> [Source information]
══════════════════════════════

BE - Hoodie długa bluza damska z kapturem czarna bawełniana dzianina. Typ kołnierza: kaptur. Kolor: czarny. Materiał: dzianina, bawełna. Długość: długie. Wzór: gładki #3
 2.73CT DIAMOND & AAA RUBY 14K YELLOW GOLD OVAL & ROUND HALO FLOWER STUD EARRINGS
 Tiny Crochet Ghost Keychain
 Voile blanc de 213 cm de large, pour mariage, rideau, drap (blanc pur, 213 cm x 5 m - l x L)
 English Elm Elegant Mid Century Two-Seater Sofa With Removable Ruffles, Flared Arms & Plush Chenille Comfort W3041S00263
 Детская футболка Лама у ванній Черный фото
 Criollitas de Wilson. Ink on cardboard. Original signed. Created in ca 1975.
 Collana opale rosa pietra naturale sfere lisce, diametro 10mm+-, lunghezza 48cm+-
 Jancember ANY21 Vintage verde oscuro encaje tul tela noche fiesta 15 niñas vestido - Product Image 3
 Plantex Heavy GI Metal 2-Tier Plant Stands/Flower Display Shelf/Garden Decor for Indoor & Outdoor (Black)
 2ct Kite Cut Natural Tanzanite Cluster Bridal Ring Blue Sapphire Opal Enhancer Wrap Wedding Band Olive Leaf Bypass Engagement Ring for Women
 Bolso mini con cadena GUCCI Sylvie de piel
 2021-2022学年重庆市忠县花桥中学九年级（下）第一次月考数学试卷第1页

══════════════════════════════

> [The problem] Look above and repeat, character for character, the lines from the first one to the line with "Tiny Crochet Ghost Keychain", counting both.

> [Result of this task]
BE - Hoodie długa bluza damska z kapturem czarna bawełniana dzianina. Typ kołnierza: kaptur. Kolor: czarny. Materiał: dzianina, bawełna. Długość: długie. Wzór: gładki #3
 2.73CT DIAMOND & AAA RUBY 14K YELLOW GOLD OVAL & ROUND HALO FLOWER STUD EARRINGS
 Tiny Crochet Ghost Keychain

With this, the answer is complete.